Supongo que para cualquier conocedor del Museo Nacional de Escultura, vallisoletano o no, debe resultar difícil imaginar las grandes obras de Berruguete, Juni, Gregorio Fernández y tantos otros separadas del edificio de San Gregorio, que desde 1933 las albergaba; efectivamente, en pocas ocasiones arquitectura y arte mueble, continente y contenido, habían logrado una adecuación, una compenetración semejante. Sin embargo, el museo que ahora, temporalmente y mientras San Gregorio se remoza y adecua a las exigencias de la museística actual, se muestra en Villena es tan atractivo, o incluso más, que el anterior.

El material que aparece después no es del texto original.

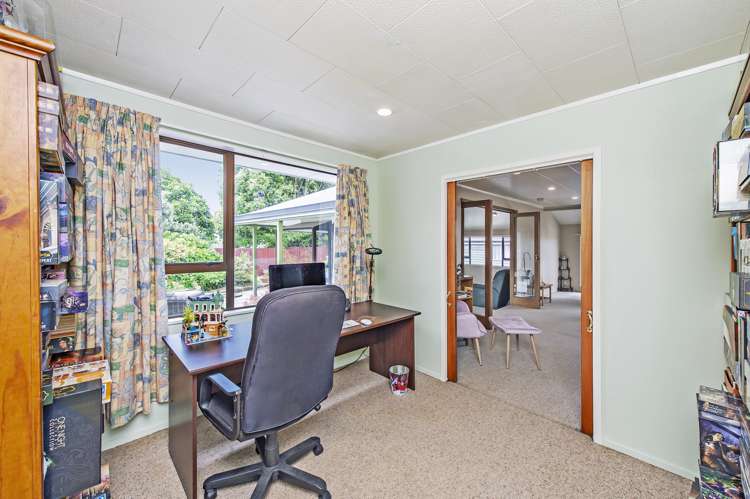 17 Gibson Drive Hornby_10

Es verdad que limitaciones de espacio han obligado a prescindir de algunas piezas -así, es posible que algunos echen de menos la grandiosa Sillería de San Benito, pero es bueno saber que su ausencia se está aprovechando para su restauración-, pero también es cierto que se exponen piezas hasta ahora no vistas, al menos de modo permanente, y varias recientemente adquiridas, como el extraordinario grupo, en mármol, de la Virgen con el Niño, de F. Vigarny.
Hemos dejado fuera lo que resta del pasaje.